2) Em data não concretamente apurada, o arguido deslocou-se à residência da assistente, sita em …, e abordou o seu marido para que pagasse a dívida ao cliente, situação que este nunca concordou por considerar que a dívida já estava paga.

3) De forma a obter o pagamento da dívida, o arguido deslocou-se várias vezes e em datas não concretamente apuradas junto da residência da assistente, estacionando um veículo de marca VW … de matrícula ..-BC-.., à porta desta com os dizeres “J…”.

4) No dia 10 de Outubro de 2008, cerca das 8h15, quando a assistente saiu de casa em direcção a Valpaços, foi perseguida pelo veículo referido em 3), onde seguia o arguido acompanhado de outro indivíduo.

5) Chegada a Valpaços, a assistente apanhou a estrada em direcção a Vila Pouca de Aguiar, continuando a ser perseguida pelo referido veículo.

6) Antes de chegar a Vila Pouca de Aguiar, a assistente parou, saiu do carro, tendo o arguido parado também o carro em que seguia, dirigindo-se à assistente, em voz alta e em tom sério, perguntando-lhe se ela ia pagar a dívida ou queria que lhe acontecesse alguma coisa.

7) Com receio que o arguido lhe fizesse alguma coisa, a assistente voltou a entrar no seu veículo e foi novamente perseguida até às bombas de combustível do E…, em Vila Pouca de Aguiar.

8) Aí chegada, como o arguido continuava a persegui-la, entrou na A24 e apenas parou junto à rotunda de Verin, quando viu uma patrulha da Guardia Civil, a quem contou o que estava a acontecer e onde foram todos identificados.

9) No regresso de Verin até Valpaços, foi novamente perseguida até à Zona Industrial …, onde parou e esperou que o marido chegasse, com receio que algo lhe pudesse acontecer.

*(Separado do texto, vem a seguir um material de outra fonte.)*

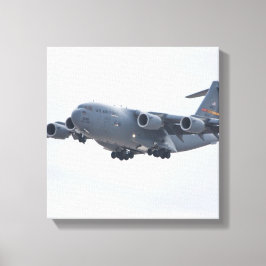 C-17 Globemaster Wrapped Canvas Leinwanddruck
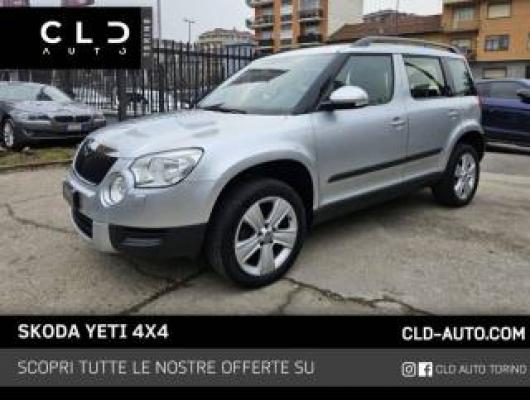 usato SKODA Yeti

10) Ao perseguir a assistente e ao dirigir-lhe a expressão referida em 6), agiu o arguido com a vontade livre e perfeita consciência de estar a anunciar-lhe que, caso a assistente não pagasse a suposta dívida, atentaria contra a sua integridade física, de modo idóneo a levá-la, como era sua intenção e por medo de concretização de tal promessa, a satisfazer aquela exigência, o que apenas não veio a acontecer por razões alheias à sua vontade.

11) Agiu, ainda, o arguido com perfeita consciência de que a sua conduta era proibida e punível por lei.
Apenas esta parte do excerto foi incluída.